Problem details> Would you set down the data that follows, word for word, without any pictures?

Dataset excerpt>

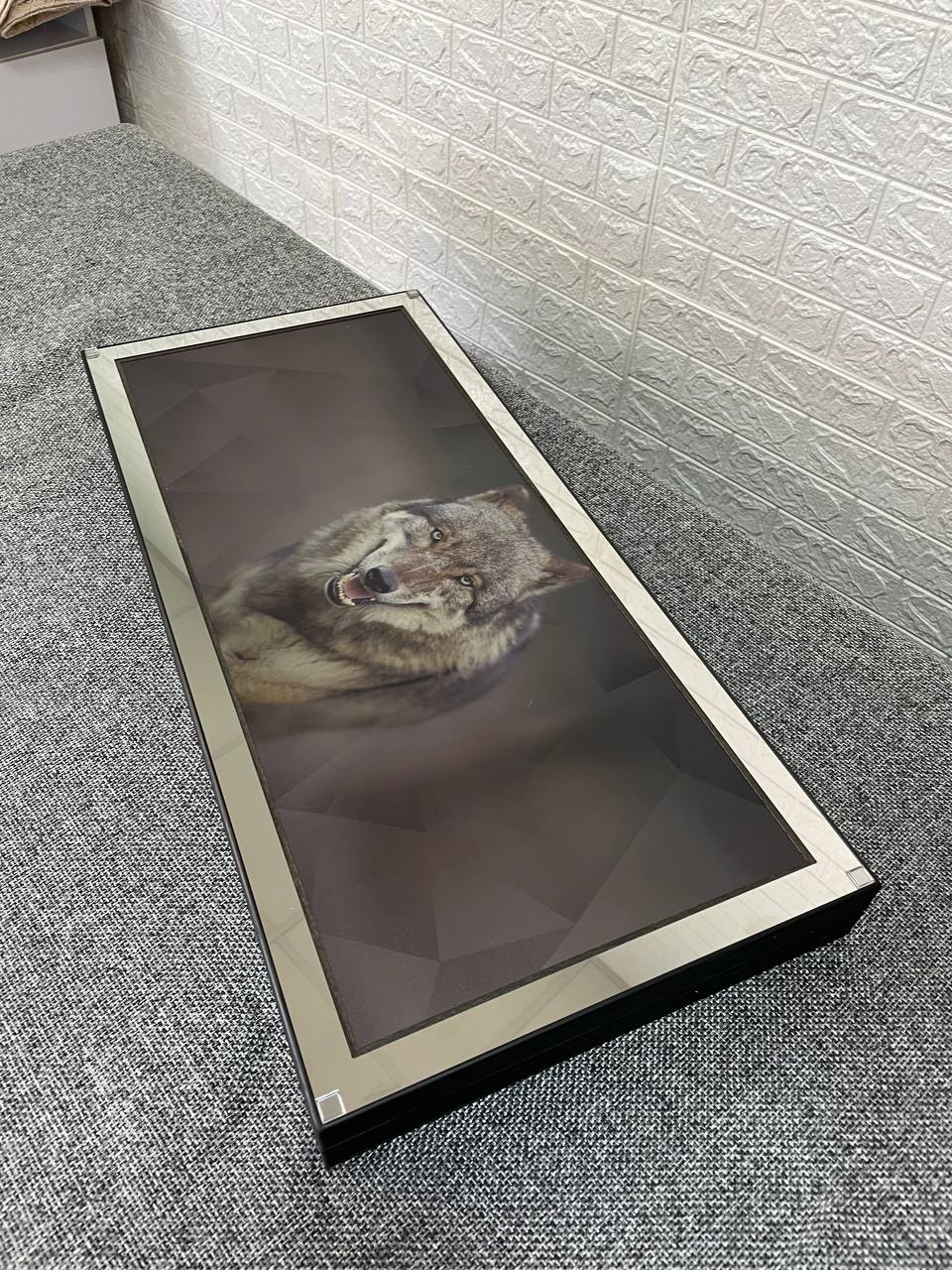 Backgammon de luxe en métal avec verre trempé - Design exclusif, fait à la main, personnalisable
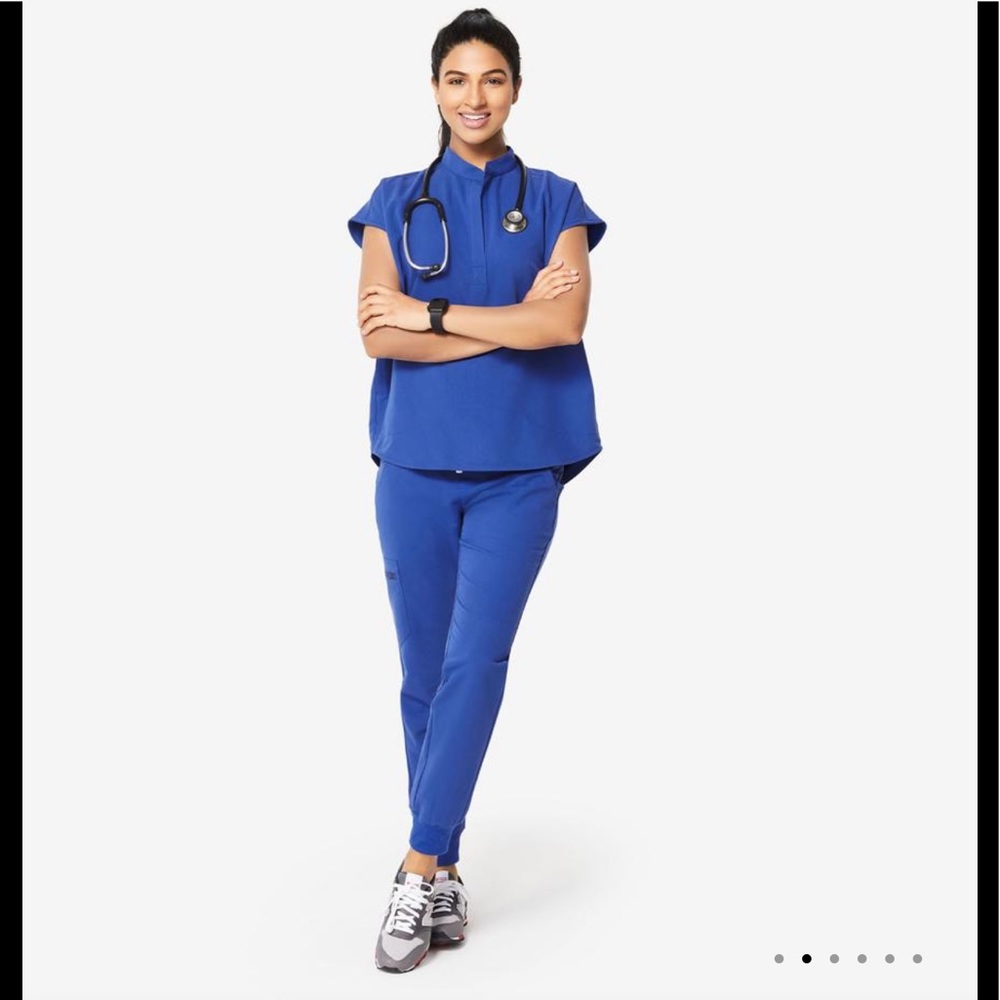 NWT FIGS Zamora Joggers Scrubs Pants Winning Blue - Picture 2 of 11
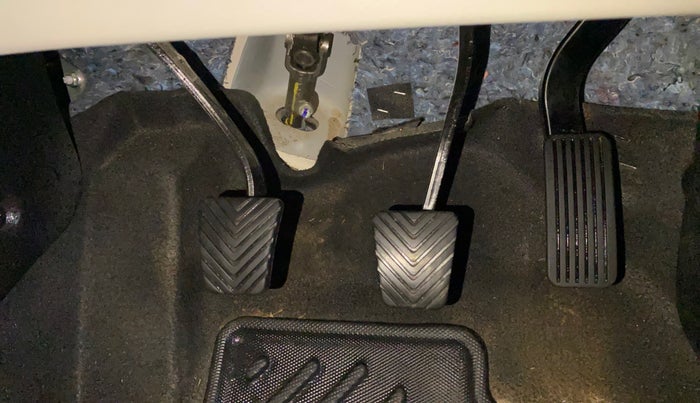 2023 KIA CARENS PRESTIGE 1.5 PETROL 7 STR, Petrol, Manual, 22,338 km, Pedals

Answer area>
 Backgammon de luxe en métal avec verre trempé - Design exclusif, fait à la main, personnalisable
 NWT FIGS Zamora Joggers Scrubs Pants Winning Blue - Picture 2 of 11
 2023 KIA CARENS PRESTIGE 1.5 PETROL 7 STR, Petrol, Manual, 22,338 km, Pedals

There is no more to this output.